A second storm blew up in the U. S. press when Lindbergh went to Germany after the Munich agreement and was decorated by Field Marshal Hermann Goering with the Order of the German Eagle. Friends tried to explain that the decoration was forced on him and he could not gracefully refuse. But that was not the case. He knew that he was to receive some honor, requested that there be no ceremony. At a dinner party one evening, Marshal Goering, the last guest to arrive, gave Lindbergh the medal in a case, saying simply, "By order of the Fuehrer I give 'you this." Lindbergh frankly says he was as glad to get it as the decorations of other nations. Ideologies in international politics are not his meat.
The newest chapter in Lindbergh's history began this April when he returned to the U. S., and went on two weeks' active duty with the Air Corps to explore the U. S. aeronautical research facilities. He is still working daily in Washington, without pay, as an Air Corps technical adviser. As luck would have it his ship docked on the night of the newspaper photographers' annual ball and the ball was at a standstill while cameramen fumed on the dock for an hour and a half until Lindbergh, his face frozen in the glum glower into which it falls when he sees a news camera, showed himself. The photographers were naturally resentful, but Lindbergh did not know about the ball, did not know the ship had docked because he was talking to his friend, Dr. Carrel.

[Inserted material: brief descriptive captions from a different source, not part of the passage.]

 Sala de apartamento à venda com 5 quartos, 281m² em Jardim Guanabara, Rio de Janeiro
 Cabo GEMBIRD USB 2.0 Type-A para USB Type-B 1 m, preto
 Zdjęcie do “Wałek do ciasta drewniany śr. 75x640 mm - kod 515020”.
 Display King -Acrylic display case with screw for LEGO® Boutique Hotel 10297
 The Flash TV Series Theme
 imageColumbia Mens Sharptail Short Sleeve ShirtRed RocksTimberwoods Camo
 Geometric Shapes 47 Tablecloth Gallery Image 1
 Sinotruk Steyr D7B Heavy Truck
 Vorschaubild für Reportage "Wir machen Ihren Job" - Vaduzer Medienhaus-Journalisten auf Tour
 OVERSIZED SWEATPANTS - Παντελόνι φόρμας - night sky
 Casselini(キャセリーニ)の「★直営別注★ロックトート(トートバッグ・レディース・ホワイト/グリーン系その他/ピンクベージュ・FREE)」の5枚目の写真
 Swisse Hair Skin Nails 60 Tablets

There have been two recent incidents of another kind:
>In St. Louis Lindbergh found himself facing a news cameraman he knew and liked--Edward J. Burkhardt of the Post-Dispatch, who is a captain in Lindbergh's old National Guard. The result: the old, smiling, agreeable Lindbergh (see cover).
> When Mrs. Lindbergh returned last month to the U. S. on the Champlain, during the voyage an International News photographer aboard, unobserved, took pictures of Jon and Land Lindbergh (born in England). He took to his office a series of shots worth $5,000 to any big U. S. newspaper. Because the Hearst press had been most criticized for its part in harrying Lindbergh out of the country, the pictures were suppressed. Clients were told they would be released only if Lindbergh okayed them for publication.
Now comfortably wealthy from returns from his writings, awards for his nights (beginning with a $25,000 award for his flight to Paris, given by Raymond Orteig who died last week--see p. 55), many another source, Lindbergh sees before him the friendly prospect of a normal life in his own country, but between it and him lies the high fence of misunderstanding. To his old friends he is almost unchanged, still direct, cheerful, frank, a little more mature and self-possessed. To the U. S. public before which he cannot appear without growing gawky, from which he instinctively shrinks, he is still the enigmatic hero.
After twelve years Charles Lindbergh's social status will probably soon be decided. Either the pursuit of the public will drive him to lead an almost monastic life. abandoning the world which other men enjoy, or perhaps now at last hero worship will die a natural death. Some day soon he and his wife may try going to dinner and the theatre in Manhattan. If they are not hounded too much they may do it again and again. They may send their sons to U. S. schools like other boys. If that time comes, twelve long dark years of war between the U. S. people and their hero will end.